On May 12, in front of my family and friends, I accepted my degree from Appalachian State University. Over the next six months, I will move three times, start a full-time job at my hometown aquatics center, take four vacations, oh, and go on a honeymoon.
That’s right. On November 17 — almost six months to the day after I earned my college degree — I will marry my highschool sweetheart, a.k.a. the man of my dreams. The wedding will take place right across the street from my childhood home. We plan to exchange our vows in front of people we’ve loved our entire lives and some who are a little newer to our story.
I know what you’re probably thinking, because everyone who learns of our plans seems more than eager to share their views. If you’re like most people I encounter, it will fall along one of these lines: “Why are you getting married at 22?” “I wish I could be that committed to a person at this age or even had it together like that.” or, my personal favorite, “So you’re just going to be a housewife?”
First of all I don’t have it “together.” I just found my person earlier than some people do. The thought of having my whole life figured out just because I’m engaged is one of the funniest things I’ve ever heard. I’ve been in love with James since I was 16 years old. From the moment I met him at age 12, I knew he was going to be important in my life. There’s never been a doubt in my mind that he is who was put on this Earth for me. I have that type of passion with him that people write books about and even start wars over. Everything about him sets me on fire. In James, have found my equal.
Yes, I’m sure of him. I’m sure of our decision to build a life together. But if I’m being honest, I’m not sure of a whole lot else. And so sometimes I worry that maybe I can’t have it all, maybe with James I got all of the passion that I’m allowed to have.
I don’t know what I want to be when I “grow up,” which is a problem because I am technically “grown up” already. I picked a degree in public relations because I thought it would give me many options for the future. But now it feels like those options are overwhelming me to the point of drowning. Should I enter local government? Should I teach? What about working for a PR firm? Should I get my master’s degree? If so, what should I get it in? Should I just be a stay at home mom and write about that? I want to be the PTA mom, but I also want to show my future daughters that a woman can do anything a man can.
Most of all, I don’t want to settle when it comes to my career. I don’t want to wake up 40 years from now and realize that I wasted my life away in a job that I hate in a cubicle with no windows.

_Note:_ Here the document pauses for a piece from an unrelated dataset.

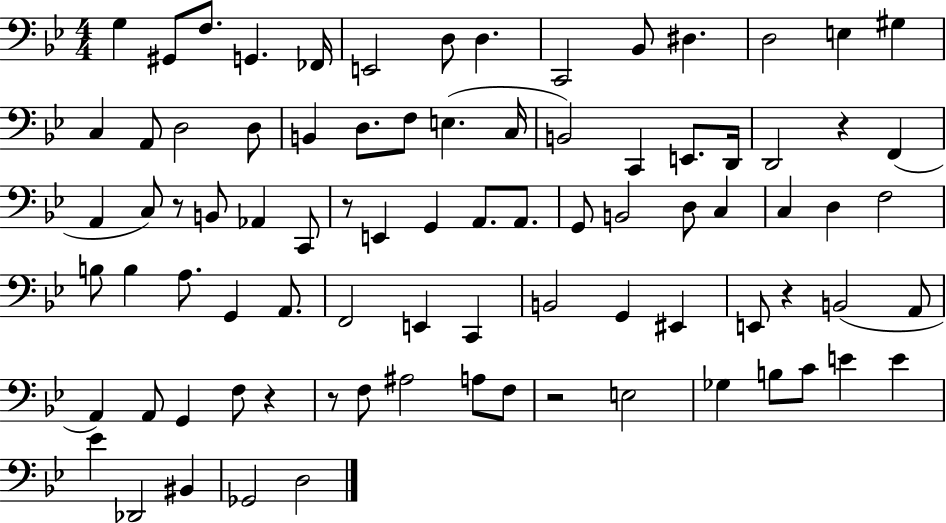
G3/q G#2/e F3/e. G2/q. FES2/s E2/h D3/e D3/q. C2/h Bb2/e D#3/q. D3/h E3/q G#3/q C3/q A2/e D3/h D3/e B2/q D3/e. F3/e E3/q. C3/s B2/h C2/q E2/e. D2/s D2/h R/q F2/q A2/q C3/e R/e B2/e Ab2/q C2/e R/e E2/q G2/q A2/e. A2/e. G2/e B2/h D3/e C3/q C3/q D3/q F3/h B3/e B3/q A3/e. G2/q A2/e. F2/h E2/q C2/q B2/h G2/q EIS2/q E2/e R/q B2/h A2/e A2/q A2/e G2/q F3/e R/q R/e F3/e A#3/h A3/e F3/e R/h E3/h Gb3/q B3/e C4/e E4/q E4/q Eb4/q Db2/h BIS2/q Gb2/h D3/h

I want to find the same passion in my professional life that I have in my personal life. I want to wake up and know I’m doing what I was called to do.
So I’m taking some time off, a year to be exact. Instead of applying to grad school or committing to a career path I’m going to focus on the things that I love and that make me who I am. I am determined to find the things that drove me to try so hard in college. I am going to find that passion no matter what. I wish I had some magical ending to share about how I had an awakening and knew what I was called to do and knew exactly how I was going to get there but I don’t. The only advice I can give is to never settle for anything that doesn’t set your soul on fire. No matter if it’s a job, significant other, place or anything else. Life is too short for anything else.
Kaitlyn Reavis graduated from Appalachian State University with a major in Public Relations. After graduation she moved back home to Burlington, North Carolina, where she will work for her local Parks & Recreation Department and write until she finds the passion that she’s looking for.